Kıyafet-Mehtap Baydu, 2015

Bu serginin bir diğer önemli kısmı da sergi sürecinin işbirliği içinde gerçekleştirilmesi. Küratörün düşüncesiyle sanatçının iş üretim sürecinin birlikte tasarlanması. Sergiyi gezerken ve ikili işleri incelerken sanatçıların ve küratörün diyaloglarını hayal etmek olası. Güncel üretimlere yaslanan sergilerde bu tarz küratöryal müdahaleleri görmek o kadar kolay değil.

Güncel sanata dair tartışmalarda büyük laflar hoşumuza gidiyor.

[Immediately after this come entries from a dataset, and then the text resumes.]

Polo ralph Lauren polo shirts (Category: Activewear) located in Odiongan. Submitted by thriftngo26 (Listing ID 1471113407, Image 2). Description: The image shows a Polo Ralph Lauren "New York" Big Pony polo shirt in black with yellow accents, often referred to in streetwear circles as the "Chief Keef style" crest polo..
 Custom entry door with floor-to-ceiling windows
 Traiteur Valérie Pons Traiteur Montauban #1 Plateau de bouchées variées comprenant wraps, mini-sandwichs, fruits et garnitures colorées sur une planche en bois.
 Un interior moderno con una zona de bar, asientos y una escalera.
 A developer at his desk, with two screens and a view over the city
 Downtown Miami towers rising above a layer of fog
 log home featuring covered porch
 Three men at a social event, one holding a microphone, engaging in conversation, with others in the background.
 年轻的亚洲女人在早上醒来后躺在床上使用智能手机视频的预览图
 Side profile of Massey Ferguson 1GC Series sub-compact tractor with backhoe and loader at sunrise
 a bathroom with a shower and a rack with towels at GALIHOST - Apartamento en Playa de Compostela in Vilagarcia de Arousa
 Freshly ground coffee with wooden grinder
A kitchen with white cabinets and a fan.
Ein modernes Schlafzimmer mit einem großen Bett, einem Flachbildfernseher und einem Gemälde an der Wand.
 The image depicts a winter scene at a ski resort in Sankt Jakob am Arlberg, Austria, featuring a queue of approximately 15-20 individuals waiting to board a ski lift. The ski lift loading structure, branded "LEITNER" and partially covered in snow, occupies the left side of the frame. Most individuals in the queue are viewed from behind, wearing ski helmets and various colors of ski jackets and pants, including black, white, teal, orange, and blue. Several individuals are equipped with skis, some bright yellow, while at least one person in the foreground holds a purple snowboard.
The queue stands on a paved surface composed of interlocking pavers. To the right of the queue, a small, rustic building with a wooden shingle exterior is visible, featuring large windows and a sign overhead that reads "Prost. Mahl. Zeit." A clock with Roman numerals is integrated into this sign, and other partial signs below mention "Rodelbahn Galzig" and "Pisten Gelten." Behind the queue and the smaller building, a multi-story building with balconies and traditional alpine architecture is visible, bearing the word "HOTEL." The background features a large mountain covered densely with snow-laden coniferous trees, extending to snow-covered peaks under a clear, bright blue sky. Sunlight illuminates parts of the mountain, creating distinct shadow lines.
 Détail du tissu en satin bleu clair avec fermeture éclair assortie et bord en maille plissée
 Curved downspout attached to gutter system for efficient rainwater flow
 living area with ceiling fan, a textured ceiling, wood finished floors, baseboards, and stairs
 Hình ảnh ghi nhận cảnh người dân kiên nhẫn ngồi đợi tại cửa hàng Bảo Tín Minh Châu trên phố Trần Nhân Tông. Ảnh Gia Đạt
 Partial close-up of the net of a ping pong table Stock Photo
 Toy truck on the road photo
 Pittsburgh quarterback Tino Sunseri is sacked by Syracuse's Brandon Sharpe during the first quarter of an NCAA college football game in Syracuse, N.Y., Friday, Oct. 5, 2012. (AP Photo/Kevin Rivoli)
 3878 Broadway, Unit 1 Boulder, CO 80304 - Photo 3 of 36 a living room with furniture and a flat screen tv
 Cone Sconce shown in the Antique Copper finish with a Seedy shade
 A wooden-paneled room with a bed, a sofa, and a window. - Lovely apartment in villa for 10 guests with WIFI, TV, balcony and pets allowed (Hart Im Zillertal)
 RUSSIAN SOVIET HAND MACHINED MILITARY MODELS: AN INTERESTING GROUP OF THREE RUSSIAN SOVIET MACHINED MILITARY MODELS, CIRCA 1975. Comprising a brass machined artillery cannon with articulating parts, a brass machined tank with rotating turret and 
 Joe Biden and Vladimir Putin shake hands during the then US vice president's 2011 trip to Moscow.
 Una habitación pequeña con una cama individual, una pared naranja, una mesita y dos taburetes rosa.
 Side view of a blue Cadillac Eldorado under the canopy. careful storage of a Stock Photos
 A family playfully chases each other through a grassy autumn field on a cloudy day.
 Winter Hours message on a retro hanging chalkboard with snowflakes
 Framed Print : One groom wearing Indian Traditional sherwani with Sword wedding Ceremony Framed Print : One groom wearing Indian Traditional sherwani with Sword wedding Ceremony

Ancak daha önemli olan, sanat tarihinin derinlerinde yatan meseleler var. İntihal mi? Hal mi? sergisi o derinde yatan üretim meselelerini açtığı için önemli.

Son bir not da Yapı Kredi Kültür Sanat hakkında. YKY'nin sene başında yenilenerek açılan binası hızlıca doyurucu bir sergileme alanına dönüştü. Eski ziyaretçi kitlesinin de önemli bir kısmını hemen geri kazandı. Şu an mesela dört sergi aynı anda görülebiliyor. Ancak her sergi bu kadar alımlanıyor mu, izleyici tarafından yeterince ilgi görüyor mu ve sanat dünyası ilgi gösteriyor mu emin değilim. Evet, YKY yenilenme sürecinde oluşan boşluğu doldurdu, ancak halen sergilere yeterince dikkat çekebildi mi emin olamıyorum. Belki de sergiler üzerine yeniden çalışma yapılmalı.